Interactomic landscape of PA-X-chicken protein complexes of H5N1 influenza A virus.

UNLABELLED

As a newly identified isoform generated from the PA segment and an essential factor for viral virulence, little is known about PA-X-host interactions. Here we present the interactomic landscape of PA-X protein of H5N1 influenza A virus (IAV), described using data generated from affinity purification and mass spectrometry (AP-MS). PA-X was exogenously expressed in chicken fibroblast cells and PA-X associated protein complexes were identified by AP-MS. Using a high confidence threshold for interaction 56 unique proteins were found to have physical interactions with PA-X. PA-X associated host factors showed strong enrichment for specific protein domains, including annexin and WD40 domains.
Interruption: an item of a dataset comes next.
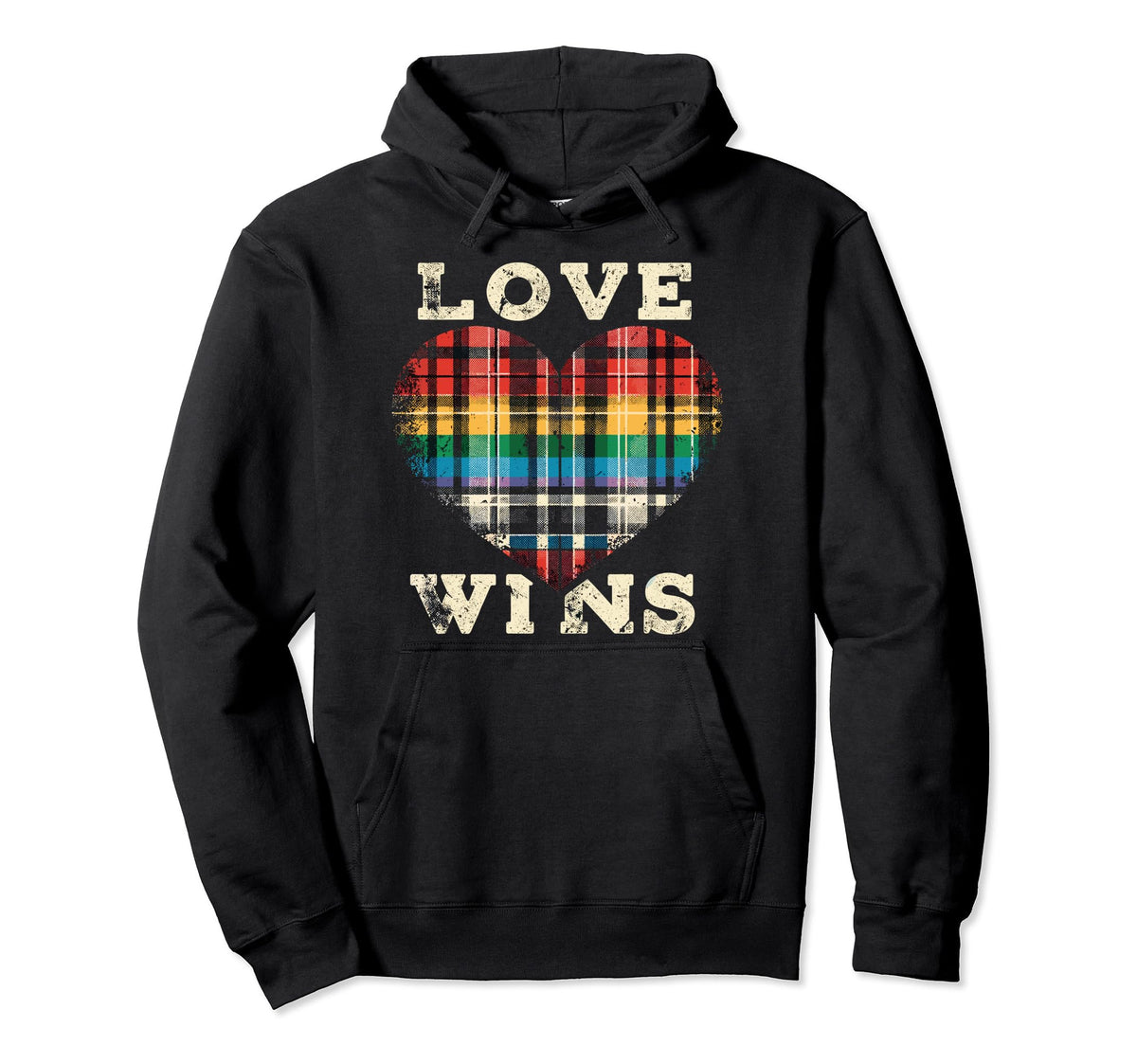Love Wins Grunge Plaid Heart Tee, Sweatshirt & Hoodie | Pride Unisex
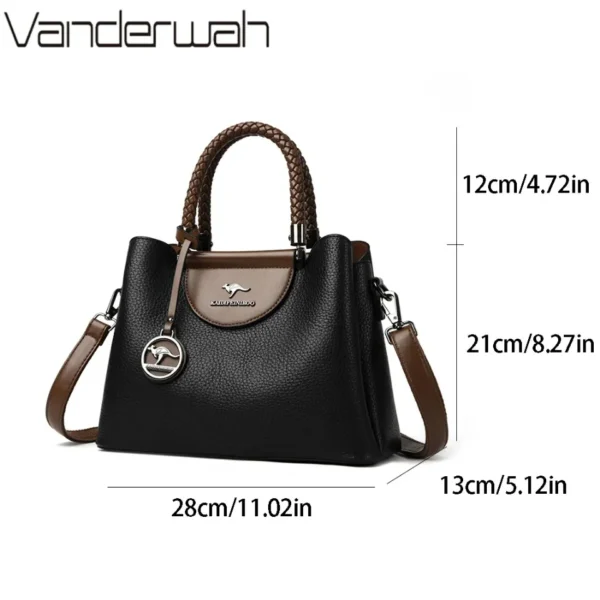VANDERWAH 3 Layer Design Women's Handbags Luxury Designer Shoulder Crossbody Bags High Quality PU Leather Ladies Casual Tote Bag - Image 4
Many proteins that have been described as pro or antiviral host proteins interact with PA-X, indicating the possible effect of these proteins on influenza A viral infections facilitated by interactions with PA-X. This study has uncovered the comprehensive interactomic landscape of PA-X and laid the foundation for further understanding of PA-X function in terms of viral-host protein interactions.

BIOLOGICAL SIGNIFICANCE

Identification of viral-host interacting proteins is vital for the comprehensive understanding of how virus recruits the host cellular machinery and how host antagonizes virus infection. Our study reveals the viral-host interactome of PA-X and uncovers interactions between host proteins and PA-X which might have crucial roles in viral infection.